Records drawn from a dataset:

"""

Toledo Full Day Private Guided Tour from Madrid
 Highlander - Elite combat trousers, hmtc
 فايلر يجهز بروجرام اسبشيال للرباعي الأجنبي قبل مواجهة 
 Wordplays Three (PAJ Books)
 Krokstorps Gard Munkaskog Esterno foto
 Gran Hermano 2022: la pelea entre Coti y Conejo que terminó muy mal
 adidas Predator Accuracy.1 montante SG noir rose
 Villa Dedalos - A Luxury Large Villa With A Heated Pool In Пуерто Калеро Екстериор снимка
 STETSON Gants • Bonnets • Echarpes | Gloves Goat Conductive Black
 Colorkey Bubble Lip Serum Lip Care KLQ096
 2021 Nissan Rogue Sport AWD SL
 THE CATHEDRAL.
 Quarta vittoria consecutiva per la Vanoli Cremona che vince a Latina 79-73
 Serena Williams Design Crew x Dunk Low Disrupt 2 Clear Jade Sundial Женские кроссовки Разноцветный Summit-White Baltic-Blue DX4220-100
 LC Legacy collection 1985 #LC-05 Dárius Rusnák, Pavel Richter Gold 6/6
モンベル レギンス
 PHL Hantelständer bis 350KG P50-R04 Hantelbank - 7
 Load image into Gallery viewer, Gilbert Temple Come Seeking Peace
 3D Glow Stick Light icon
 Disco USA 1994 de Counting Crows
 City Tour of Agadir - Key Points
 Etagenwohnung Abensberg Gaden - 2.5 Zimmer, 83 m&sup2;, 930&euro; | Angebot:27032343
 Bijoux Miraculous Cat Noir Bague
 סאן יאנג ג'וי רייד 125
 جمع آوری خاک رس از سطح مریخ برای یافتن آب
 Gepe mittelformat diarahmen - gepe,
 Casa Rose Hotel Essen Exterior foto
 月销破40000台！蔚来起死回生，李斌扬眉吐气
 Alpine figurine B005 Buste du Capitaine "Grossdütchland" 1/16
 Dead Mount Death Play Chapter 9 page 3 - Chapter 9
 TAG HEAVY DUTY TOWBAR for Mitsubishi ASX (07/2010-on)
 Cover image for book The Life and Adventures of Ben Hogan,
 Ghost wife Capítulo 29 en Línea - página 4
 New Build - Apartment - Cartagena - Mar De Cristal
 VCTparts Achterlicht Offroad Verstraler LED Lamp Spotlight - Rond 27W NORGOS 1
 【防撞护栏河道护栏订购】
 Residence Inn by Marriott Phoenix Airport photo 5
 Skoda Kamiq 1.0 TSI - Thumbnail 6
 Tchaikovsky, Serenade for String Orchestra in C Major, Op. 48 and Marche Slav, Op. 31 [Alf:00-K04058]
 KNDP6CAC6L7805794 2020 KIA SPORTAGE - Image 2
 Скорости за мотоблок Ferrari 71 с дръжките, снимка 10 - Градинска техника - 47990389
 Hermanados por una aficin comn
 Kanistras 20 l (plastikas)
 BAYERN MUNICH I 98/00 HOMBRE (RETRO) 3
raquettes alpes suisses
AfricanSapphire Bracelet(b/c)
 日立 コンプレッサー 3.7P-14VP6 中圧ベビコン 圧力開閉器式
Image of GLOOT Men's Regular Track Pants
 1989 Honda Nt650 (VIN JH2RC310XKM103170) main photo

"""

From the records above, quote only the lines running from the line with "2021 Nissan Rogue Sport AWD SL" to the line with "Serena Williams Design", both lines included.

- **RESPONSE TO THE TASK**
 2021 Nissan Rogue Sport AWD SL
 THE CATHEDRAL.
 Quarta vittoria consecutiva per la Vanoli Cremona che vince a Latina 79-73
 Serena Williams Design Crew x Dunk Low Disrupt 2 Clear Jade Sundial Женские кроссовки Разноцветный Summit-White Baltic-Blue DX4220-100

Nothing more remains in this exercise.